Saturday, January 31, 2009

Crowd's emotions on display as Ayers visits Saint Mary's

MORAGA — The much-anticipated speech by militant-turned-college-professor Bill Ayers at Saint Mary's College attracted nearly 600 people, many of them very clearly in diametrically opposite political camps.

Another 200 people loudly protested Ayers' appearance Wednesday evening outside the packed Soda Center auditorium in an unparalleled level of interest in an academic lecture at the rural, private Catholic college.

Inside, Ayers' 90-minute presentation drew jeers, boos and an emotional outburst from a woman who swore at him and left. He also received plenty of laughs and applause and a few standing ovations from the half of the crowd that liked him.

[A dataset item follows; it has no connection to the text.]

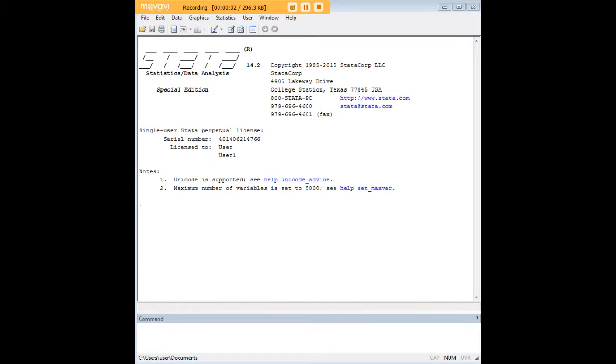Hi there, and welcome to 272analytics.com's tutorial on how to drop duplicates in Stata.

Critics had called for the college to disinvite Ayers, an education professor at the University of Illinois who was thrust into the national limelight during President Barack Obama's 2008 campaign when it was revealed that the two men had served on several boards together and run in the same liberal circles in Chicago.

Ayers' opponents call him an anti-American terrorist who helped found the Weather Underground in the 1970s, a militant group that bombed several public buildings including the Pentagon.

Yet, Ayers' speech lacked the kind of fire-breathing, radical language that some might have expected from a militant who once thought blowing up a Pentagon restroom could change the course of the Vietnam War. (Ayers admitted in an interview before his speech that the bombings Advertisementdid not stop the war.)

Today, the 60ish college professor is slightly thick about the middle. He wore two earrings, worn bluejeans and an oversize casual jacket.

The unapologetic liberal and socialist earnestly encouraged audience members to open their eyes and act when they learn about injustice in the world.

He praised Obama and the president's community organizer background.

He called for the nation to stop treating education like a commodity that can be manufactured like a Chevrolet and instead advocated opening numerous, small schools where students are known by their teachers.

He advised students to reject dogma and challenge conventional wisdom, noting that slavery and women's inability to vote were at one time accepted legal and social norms.

And he embraced the rights of the protesters in the room and outside, although he objected to their suggestion that he would "warp (students') impressionable minds."

"Really, are there books they shouldn't be allowed to read, too?" he asked.

Ayers biggest radical moment of the night may have been when he said — at a Catholic college — that he supports a woman's right to have an abortion.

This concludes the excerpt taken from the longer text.